Recent reforms have deliberately moved away from that language. Canada's federal Divorce Act amendments, in force in 2021, reframed these concepts in terms of parenting time and decision-making responsibilities. Rather than asking who gets custody, the modern approach asks how the child's time and the important decisions will be allocated between the parents.

The amendments also placed the best-interests test at the centre of how parenting orders are made. The change in words is not merely cosmetic: speaking of parenting time and responsibilities, rather than custody and access, encourages parents to think of themselves as continuing to raise their child together, even after the relationship between the adults has ended.

Parenting plans and tools

Once the principles are settled, separated parents still face a very practical task: setting out, in concrete terms, how day-to-day life will work. Who has the children on which days, how holidays and school breaks are handled, how exchanges happen, and how decisions get made when the parents disagree. A structured parenting plan is the document that captures all of this.

Clarity here does real work. When arrangements are written down clearly and in detail, there is less room for misunderstanding and less to argue about later. Templates and structured plans help by prompting parents to address the questions that commonly cause friction, so that important details are not left vague or assumed.

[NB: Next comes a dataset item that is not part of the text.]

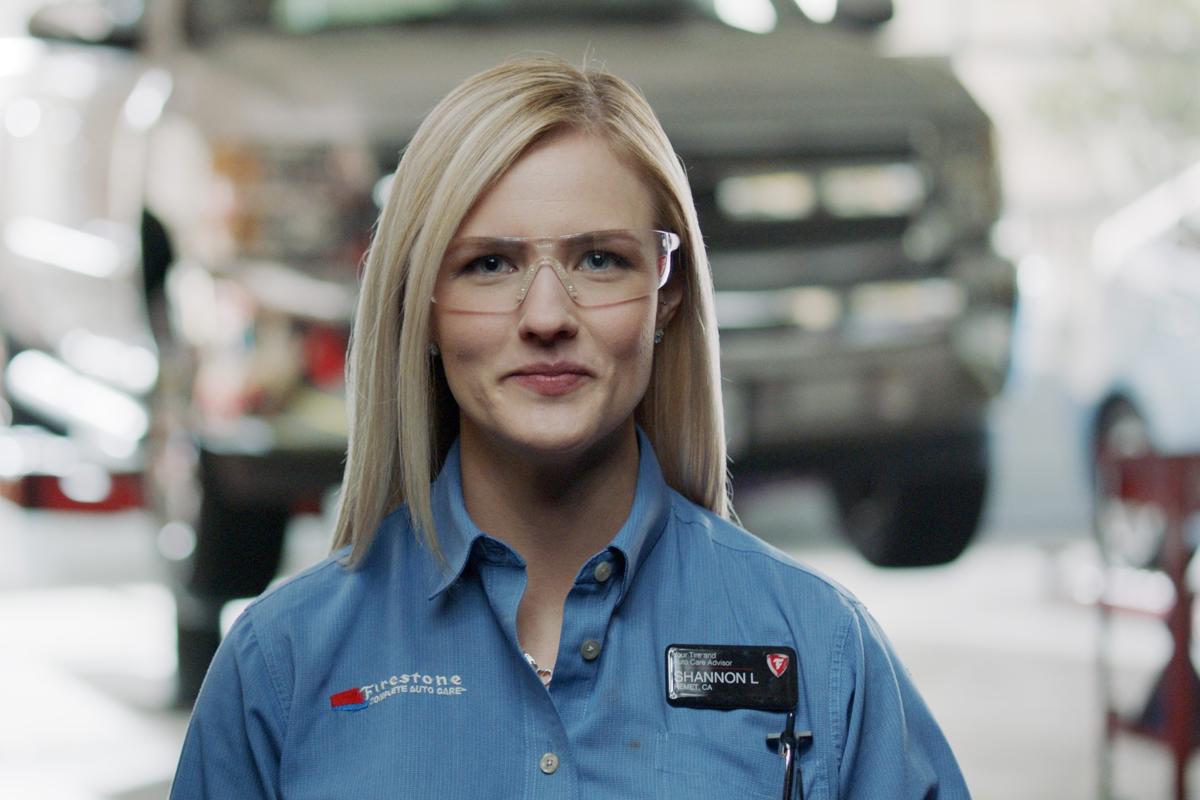 a woman wearing glasses and a blue shirt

This is an area where tools can genuinely support families. Organizing schedules, recording who decides what, and laying out a plan in a clear, consistent format are tasks that lend themselves to good templates and simple digital aids. The goal is not to replace the parents' judgment, but to help them turn their intentions into an arrangement that is easy to follow and harder to dispute.

What this is and is not

This is research and educational material on parenting arrangements and the best-interests of the child standard. It is general legal information, not legal advice, and it does not describe any individual's matter.

References

  1. Department of Justice Canada, changes to the Divorce Act (in force 2021) — best interests of the child, parenting orders.
  2. Éducaloi — family law, parenting and the child's interest.